EXERCISE GOAL >> Excluding pictures, reproduce word for word the lines from the one containing "コーヒー ギフト 【社会福祉法人士別愛成会】" through the end of the material below.

DATASET SECTION >>

+ + +

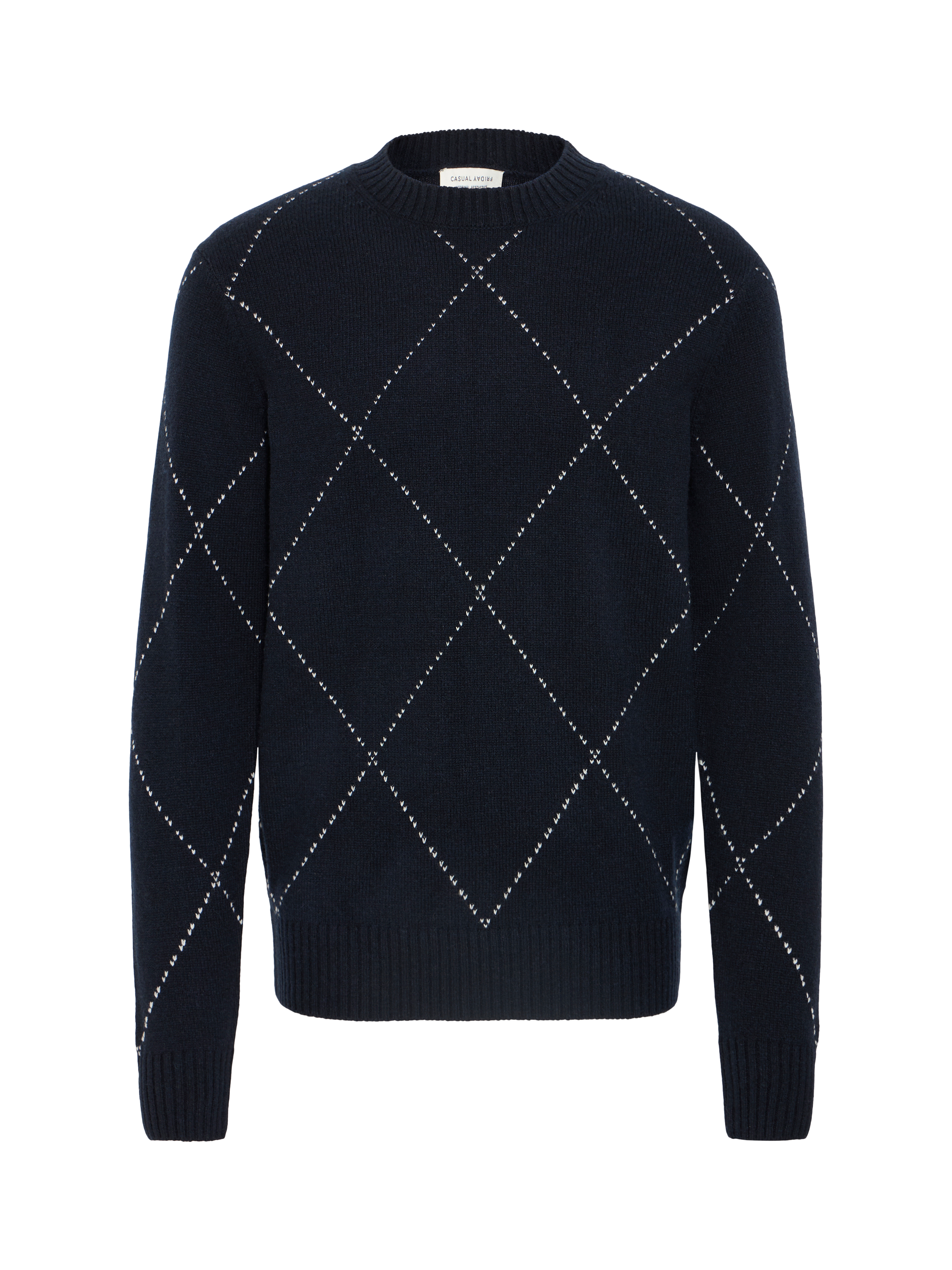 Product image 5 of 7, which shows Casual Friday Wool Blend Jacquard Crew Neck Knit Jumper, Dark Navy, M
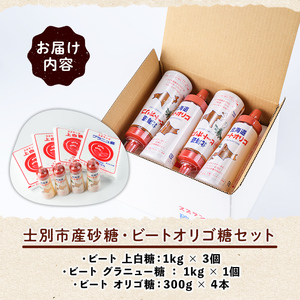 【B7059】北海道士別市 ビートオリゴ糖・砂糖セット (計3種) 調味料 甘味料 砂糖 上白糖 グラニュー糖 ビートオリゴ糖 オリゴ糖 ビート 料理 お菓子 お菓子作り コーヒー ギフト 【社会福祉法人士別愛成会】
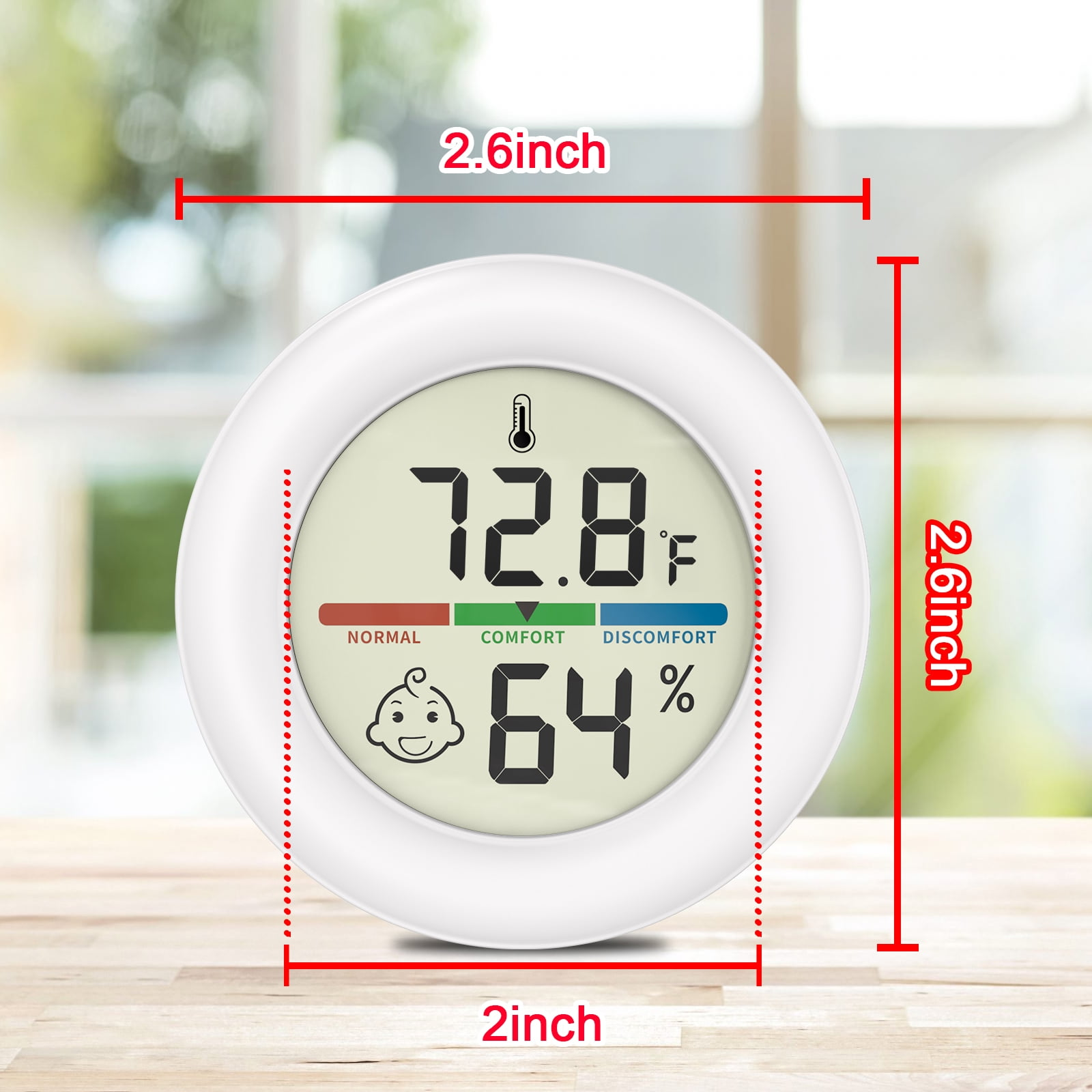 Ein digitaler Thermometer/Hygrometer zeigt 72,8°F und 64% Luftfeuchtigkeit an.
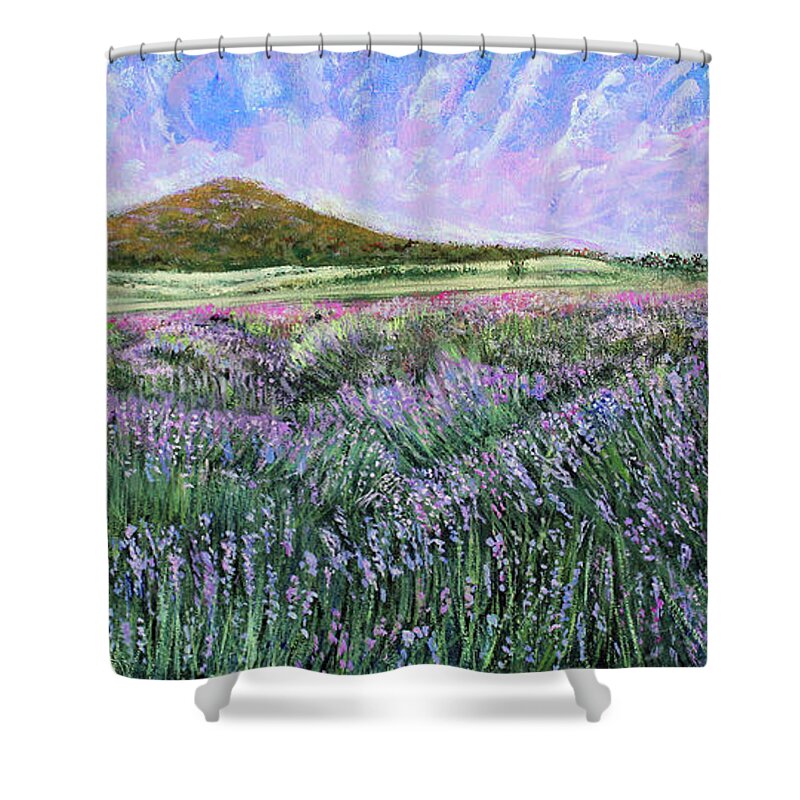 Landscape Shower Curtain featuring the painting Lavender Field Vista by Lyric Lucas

+ + +

EXERCISE RESULT >>
 【B7059】北海道士別市 ビートオリゴ糖・砂糖セット (計3種) 調味料 甘味料 砂糖 上白糖 グラニュー糖 ビートオリゴ糖 オリゴ糖 ビート 料理 お菓子 お菓子作り コーヒー ギフト 【社会福祉法人士別愛成会】
 Ein digitaler Thermometer/Hygrometer zeigt 72,8°F und 64% Luftfeuchtigkeit an.
 Landscape Shower Curtain featuring the painting Lavender Field Vista by Lyric Lucas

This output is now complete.